Hunters may purchase the Hunt No. 234 license over the counter during the January 1 - February 1 application period. No application fee will be charged.

The Hunt No. 234 license also may be purchased by applicants who are unsuccessful in the drawing.

NOTE: The Guaranteed Hunt Period (Hunt No. 234) is not a limited-quota hunt. 


As hunters it's our responsibility to know the laws and rules. If a person would have applied and bought betweens jan 1 and feb 1 the $4 application fee was waived


----------



## ryan-b (Sep 18, 2009)

omega58 said:


> I wish they could change one thing about 234 turkey licences. . .have it available for purchase for kids turning 10.


Where in there does it say they cant? As long has they turn ten before the hunt date they can apply. Atleast im pretty sure thats what it says


----------



## mikieday (Jan 20, 2004)

ryan-b said:


> Oh, come on! You have been having to pay to apply for a turkey tag as long as i can remember! Its not like its a new thing and its only 4 bucks. If money is tight and its important to you to go or have your kids go use the 4 bucks on the application fee and skip the 6 pack, or the pack of smokes, or chew or ect...... you get my point. I sure 4 dollars can me gathered from somewhere. Hell im 27 and have 3 kids. I wanted a new bow and my daughter needed a new bow so i just sold my vex and some other stuff. If its important people will find a way.


(not trying to be mean at all )its the pricipal of it all...


----------



## FireDoc66 (Oct 9, 2005)

Another angle to this that I have some issues with is this;

I have many out of State friends (fire service wise, and regular joe's) who due to this economy and work environment in the Nation today are not able to make plans 4 to 5 months ahead of time for hunting trips. This year, several of them due to free up's in the schedules were interested in coming up to chase some longbeards but were unable too due to the current regulations. 

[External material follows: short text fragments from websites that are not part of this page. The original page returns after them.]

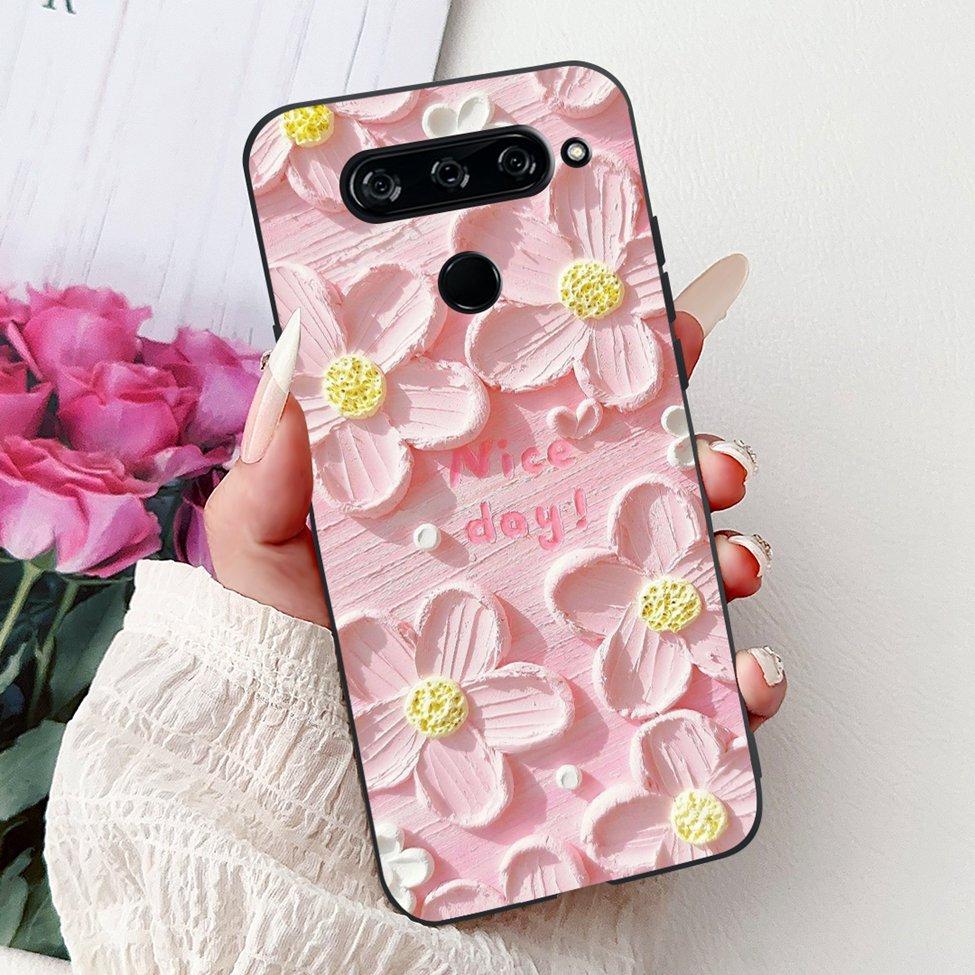 Funda For LG V40 ThinQ Case Cover Silicone Luxury Fashion Cute Cat Cool Shockproof Bumper Casing For LG V405 LM-V405 LM-V409N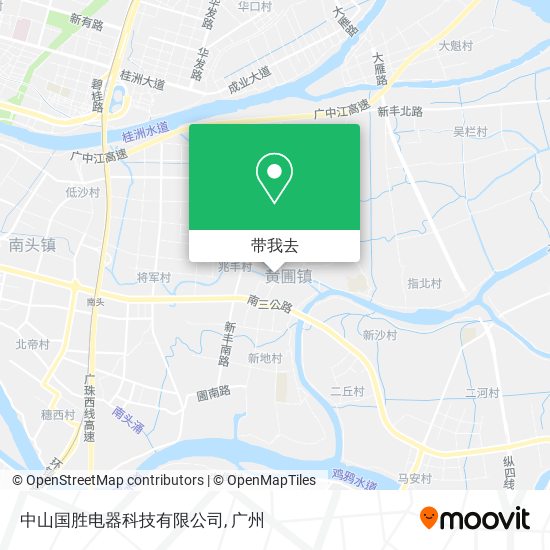 中山国胜电器科技有限公司地图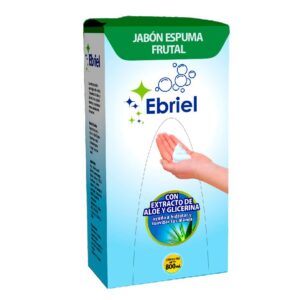 JABÓN ESPUMA FRUTAL 800 ml CON EXTRACTO DE ÁLOE Y GLICERINA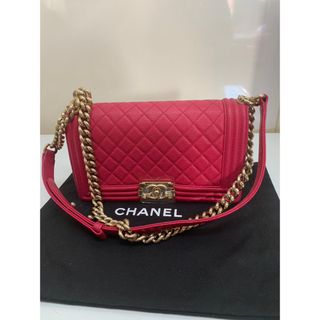 シャネル(CHANEL)の定価100万超美品シャネル  ボーイ ショルダーバッグ 25cmキャビアスキン(ショルダーバッグ)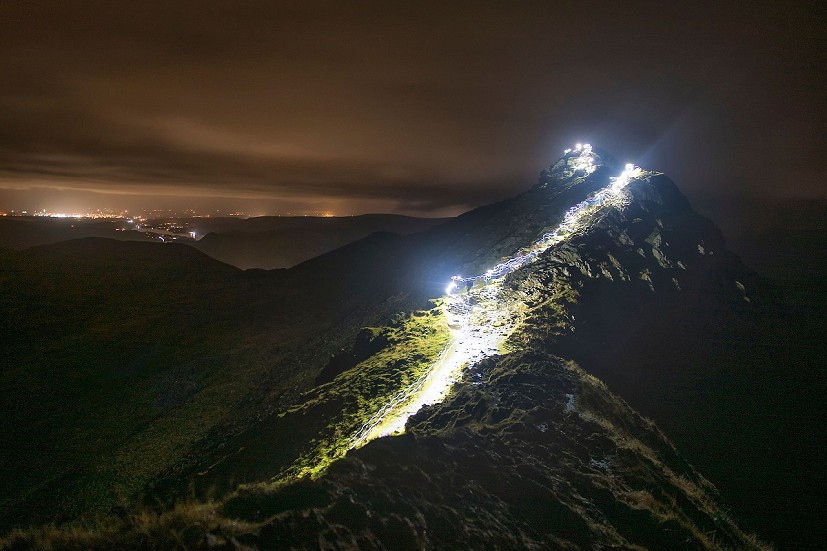 The lights of Penrith from the ridge  © Nick Landells, Lakeland Photo Walks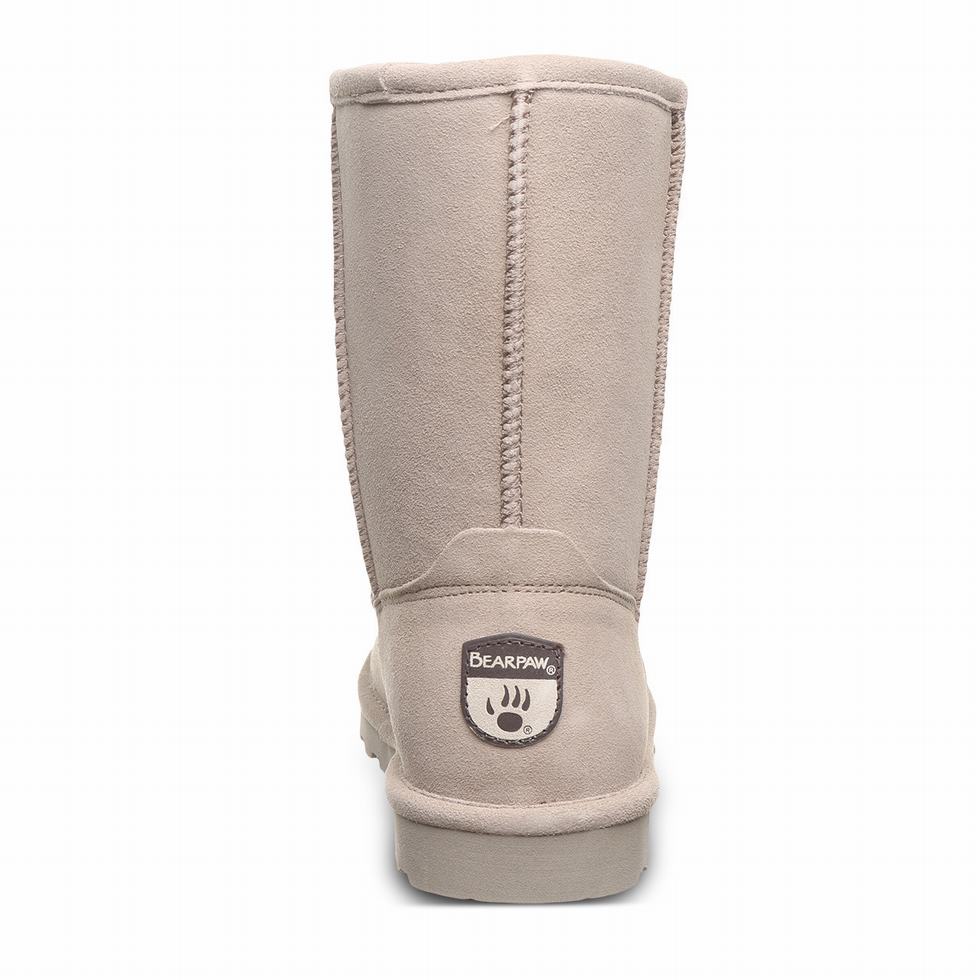 Kozaki Damskie Bearpaw Elle Short Brązowe | GRM7188BP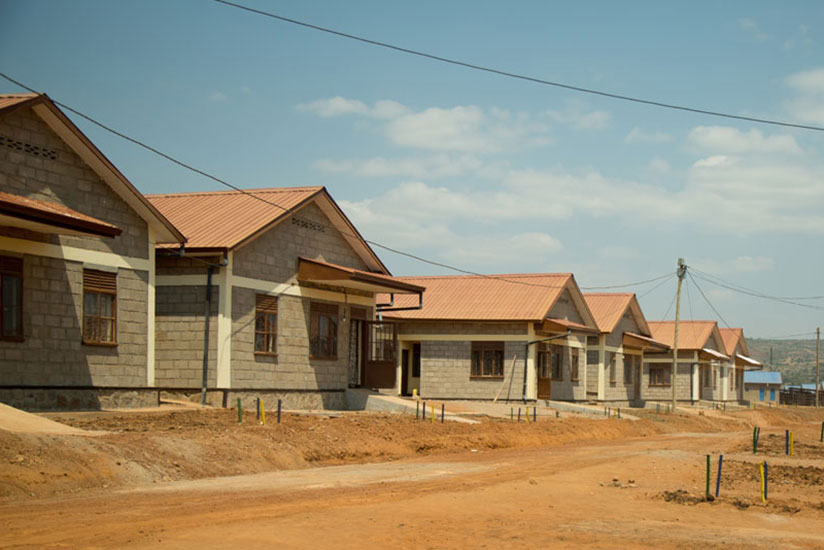 Some of the model settlements constructed for vulnerable citizens in Rweru Sector. / File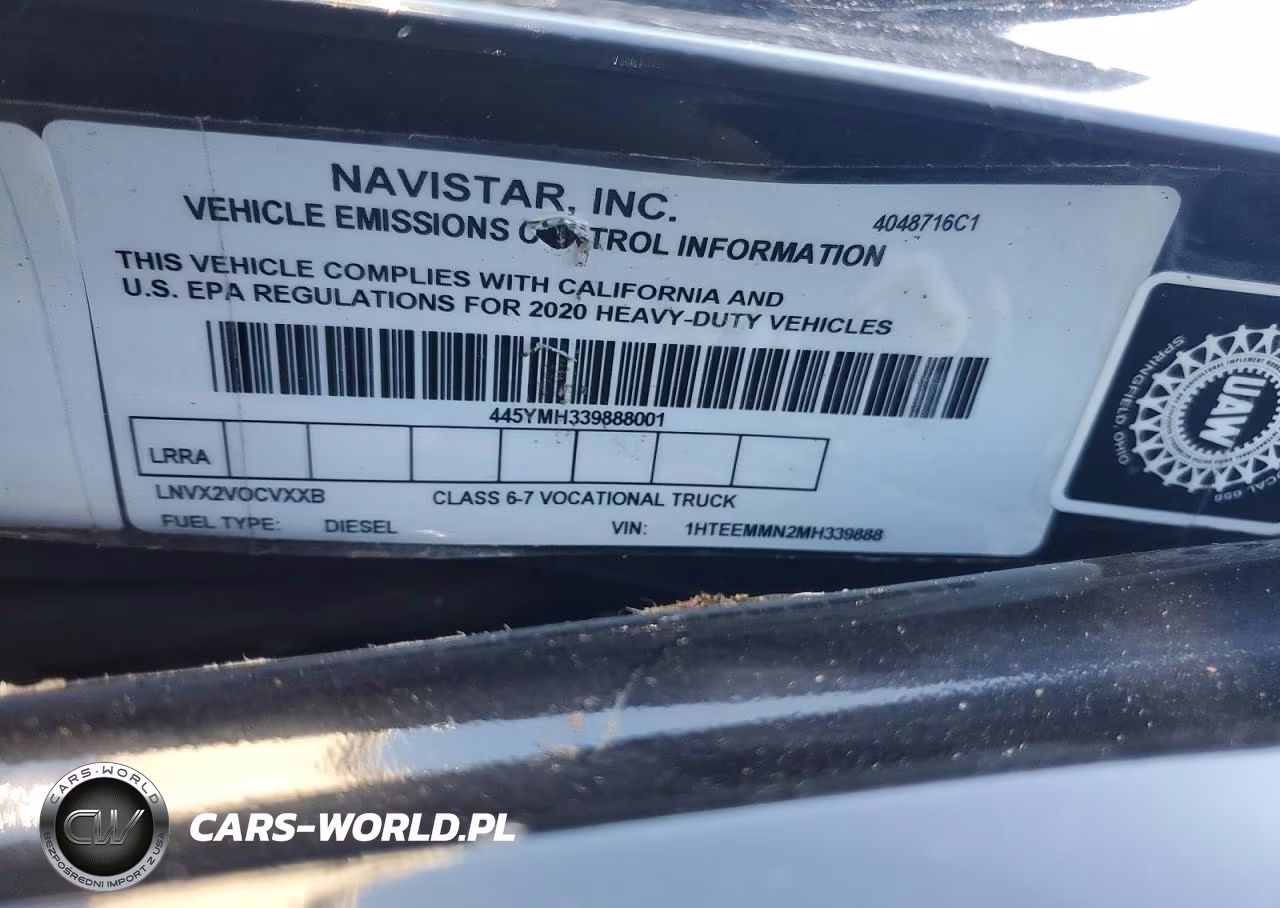 2021 International Hv507 VIN:1HTEEMMN2MH339888 - 12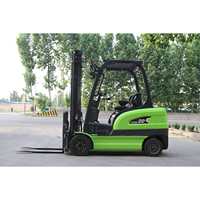 Chariot élévateur électrique professionnel 2 tonnes, mât en acier de 3 mètres, entretien facile, contrôle précis, vente en gros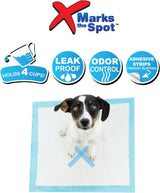 SPOT X Marks The Spot Extra Absorbent Puppy Potty Pads With Adhesive Strips
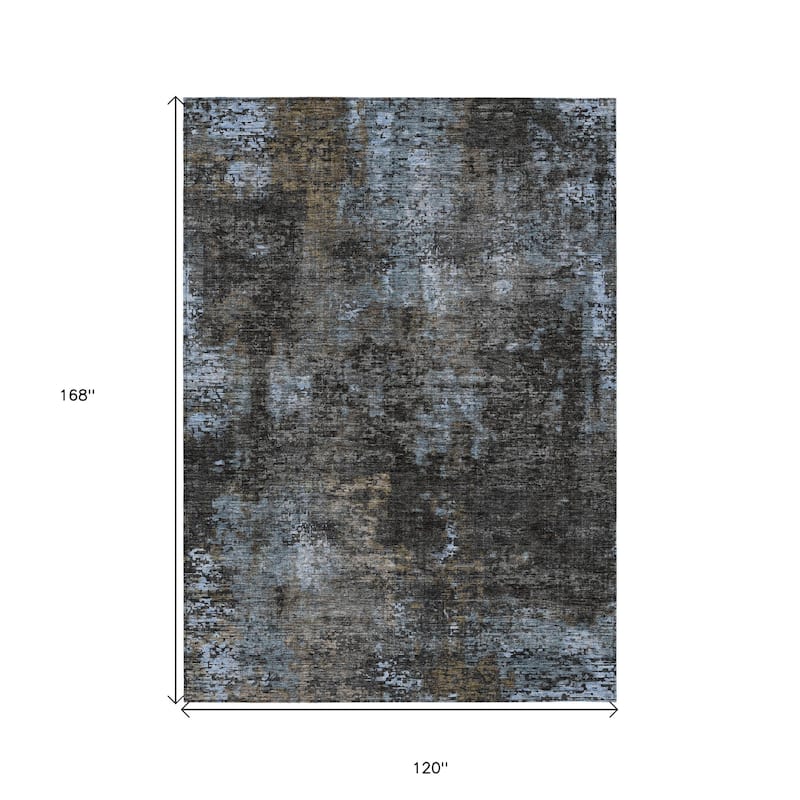 HomeRoots Abstract Transitional Rectangle Outdoor Rug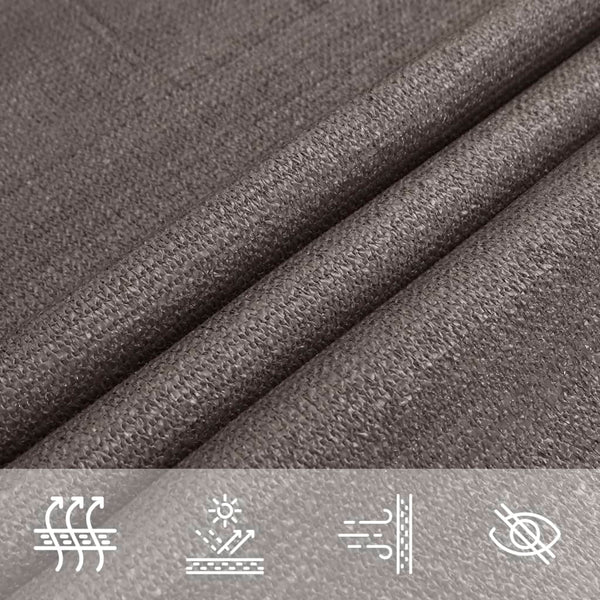 vidaXL HDPE Shade Sail 160 gsm Anthracite 2x3 m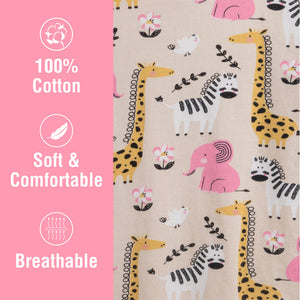 Girls 3PK LS Long Pyjamas Zoo - Younger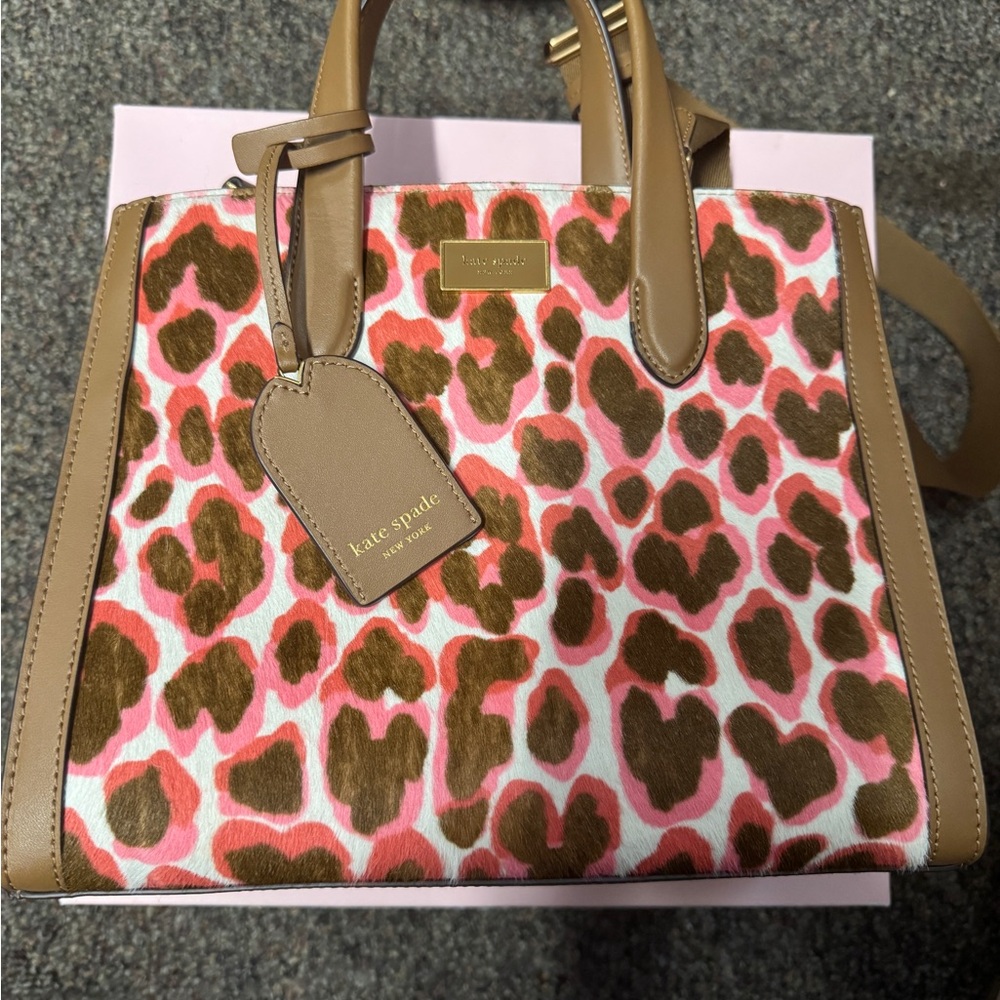 Kate Spade Manhattan Leopard Haircalf Small Tote - Picture 3 of 7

Last I checked, this State along with most others could use an infusion of cash. Now be it from tag fee's, spending at local stores, gas stations, etc. you have now turned down a minimum of $69 a piece (Out of State tag fee's) due to a (IMO) trivial regulation. With the group I'm referring to, that would have been a minimum of $276 into the coffers. And with Cabelas in the area, I have NO doubt that amount would have been substantially higher! :lol:


----------



## gmtech (May 11, 2010)

tommy-n said:


> 3. Hunt No. 234 (Guaranteed Hunt Period)
> A license for the Guaranteed Hunt Period is valid for all open areas, except public lands in the Southern Lower Peninsula Wild Turkey Management Unit (Unit ZZ). This license also is valid to hunt Fort Custer military lands with permission.
> 
> Guaranteed Hunt Chart:
> ...


OK so here is a question. Since the rules and regulations are clear as mud and I can't get a straight answer when I call DNR.
If a Mi hunter possesses a 234 license, can they hunt private land in unit ZZ during the month of MAY?
The rules say "all spring units except public lands in unit ZZ"
Which I read as private lands in unit ZZ are fair game to hunt.
The answer I get when I called DNR is Yes and No......
How can it be my responsibility to understand the laws when the DNR doesn't?


----------



## brushbuster (Nov 9, 2009)

It is a little complex and a hunter must know when and where they plan on hunting. Hunters realy do not have the flexibility to go out and buy a tag and hunt. 243 is limited to private land only in the southern lower and only after the first 2 weeks. Anywhere they want to in the northern lower. zz is only good for the first 2 weeks and only on private land except fort custer. So if your a spare of the moment type of person or you have out of state freinds that have a break in their schedule or you hook up with a kid that doesnt have hunting parents and your interest in hunting has piqued his or her interest that's too bad its the way it is,unless you have permission to hunt on private land and you can hunt the first 2 weeks of season. I personaly dont like it. Others do because they feel its more of quality hunt. It doesnt really matter, as of now you need to plan and be damn happy with what we have i guess.


----------